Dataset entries
┄┄┄┄┄┄┄┄┄┄┄┄┄┄┄┄┄┄┄┄
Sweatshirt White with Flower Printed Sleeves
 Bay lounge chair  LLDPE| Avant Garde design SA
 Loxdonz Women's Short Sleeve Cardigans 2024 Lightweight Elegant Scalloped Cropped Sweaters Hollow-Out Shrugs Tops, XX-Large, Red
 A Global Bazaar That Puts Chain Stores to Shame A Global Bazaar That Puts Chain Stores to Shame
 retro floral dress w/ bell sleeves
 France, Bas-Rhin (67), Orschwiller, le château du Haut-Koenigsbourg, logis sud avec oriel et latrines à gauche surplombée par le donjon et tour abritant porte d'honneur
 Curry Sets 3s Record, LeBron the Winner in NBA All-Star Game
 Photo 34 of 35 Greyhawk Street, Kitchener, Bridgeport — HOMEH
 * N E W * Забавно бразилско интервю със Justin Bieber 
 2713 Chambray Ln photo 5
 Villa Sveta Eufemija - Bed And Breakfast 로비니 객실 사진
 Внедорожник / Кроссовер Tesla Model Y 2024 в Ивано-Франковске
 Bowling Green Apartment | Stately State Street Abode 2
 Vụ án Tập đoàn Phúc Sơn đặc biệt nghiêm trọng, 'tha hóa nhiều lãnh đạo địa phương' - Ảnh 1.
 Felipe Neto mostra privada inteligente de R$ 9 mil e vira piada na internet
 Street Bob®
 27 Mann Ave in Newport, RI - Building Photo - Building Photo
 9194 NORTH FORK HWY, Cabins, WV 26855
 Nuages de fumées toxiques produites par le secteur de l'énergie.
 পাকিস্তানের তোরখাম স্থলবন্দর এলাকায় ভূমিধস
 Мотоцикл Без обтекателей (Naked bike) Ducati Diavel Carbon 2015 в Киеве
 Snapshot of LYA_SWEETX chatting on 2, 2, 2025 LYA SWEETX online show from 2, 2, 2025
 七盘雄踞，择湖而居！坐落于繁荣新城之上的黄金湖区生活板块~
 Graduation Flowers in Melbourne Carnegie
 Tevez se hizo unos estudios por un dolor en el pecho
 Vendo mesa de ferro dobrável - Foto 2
┄┄┄┄┄┄┄┄┄┄┄┄┄┄┄┄┄┄┄┄
Print all of the records, leaving each one exactly as it appears above.

> WORKED SOLUTION
Sweatshirt White with Flower Printed Sleeves
 Bay lounge chair  LLDPE| Avant Garde design SA
 Loxdonz Women's Short Sleeve Cardigans 2024 Lightweight Elegant Scalloped Cropped Sweaters Hollow-Out Shrugs Tops, XX-Large, Red
 A Global Bazaar That Puts Chain Stores to Shame A Global Bazaar That Puts Chain Stores to Shame
 retro floral dress w/ bell sleeves
 France, Bas-Rhin (67), Orschwiller, le château du Haut-Koenigsbourg, logis sud avec oriel et latrines à gauche surplombée par le donjon et tour abritant porte d'honneur
 Curry Sets 3s Record, LeBron the Winner in NBA All-Star Game
 Photo 34 of 35 Greyhawk Street, Kitchener, Bridgeport — HOMEH
 * N E W * Забавно бразилско интервю със Justin Bieber 
 2713 Chambray Ln photo 5
 Villa Sveta Eufemija - Bed And Breakfast 로비니 객실 사진
 Внедорожник / Кроссовер Tesla Model Y 2024 в Ивано-Франковске
 Bowling Green Apartment | Stately State Street Abode 2
 Vụ án Tập đoàn Phúc Sơn đặc biệt nghiêm trọng, 'tha hóa nhiều lãnh đạo địa phương' - Ảnh 1.
 Felipe Neto mostra privada inteligente de R$ 9 mil e vira piada na internet
 Street Bob®
 27 Mann Ave in Newport, RI - Building Photo - Building Photo
 9194 NORTH FORK HWY, Cabins, WV 26855
 Nuages de fumées toxiques produites par le secteur de l'énergie.
 পাকিস্তানের তোরখাম স্থলবন্দর এলাকায় ভূমিধস
 Мотоцикл Без обтекателей (Naked bike) Ducati Diavel Carbon 2015 в Киеве
 Snapshot of LYA_SWEETX chatting on 2, 2, 2025 LYA SWEETX online show from 2, 2, 2025
 七盘雄踞，择湖而居！坐落于繁荣新城之上的黄金湖区生活板块~
 Graduation Flowers in Melbourne Carnegie
 Tevez se hizo unos estudios por un dolor en el pecho
 Vendo mesa de ferro dobrável - Foto 2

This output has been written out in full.